That’s probably not the best title; my mom is still physically here, but has been largely checked out mentally for quite some time. She hardly remembers my sister and I anymore and, while she frets about where my dad is 20 seconds after he leaves a room, I’m not completely sure she really understands who he is either. She went into a marvelous memory care facility yesterday and I had planned on writing a tribute to her this morning. But then I came across this little piece that I wrote a couple of years ago, before she had completely lost it, and I thought it summed up my feelings nicely.

Muddah

I was sitting on the porch listening to the heavy rain as it beat steadily on the pine roof and happily splattered on the stones of the low wall that half encloses the front of the house. Thunder growled overhead; a low, guttural sound that to some would seem ominous but to me signals the onset of a welcome monsoon. As the scent of the afternoon shower grew richer I realized that even the rain smells different in the desert. It’s a combination of stone and wood and, somehow, the very dust blanketing the stone and wood it beats upon.
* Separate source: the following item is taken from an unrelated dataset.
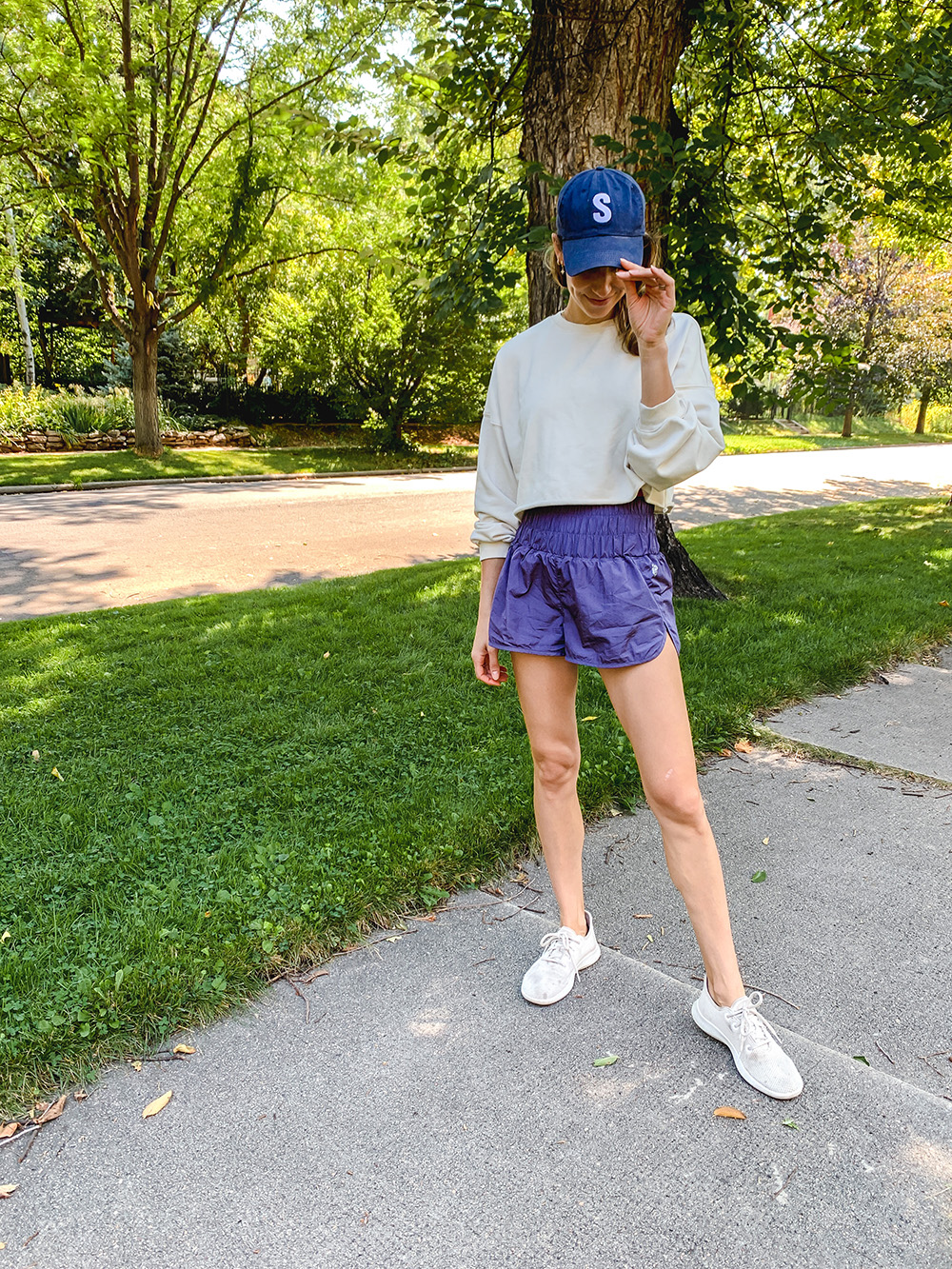 woman walking with her allbirds runners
I was relishing the scent, creating a memory of the sound, the smell, and that pink Arizona light made more vivid in the falling droplets. It was one of those moments of noisy silence, when the sounds swirl and blend together, creating just enough distraction that the brain is able to quiet itself and become lost in a state of complete, meditative introspection.

And then my mother opened the door… solitude undone.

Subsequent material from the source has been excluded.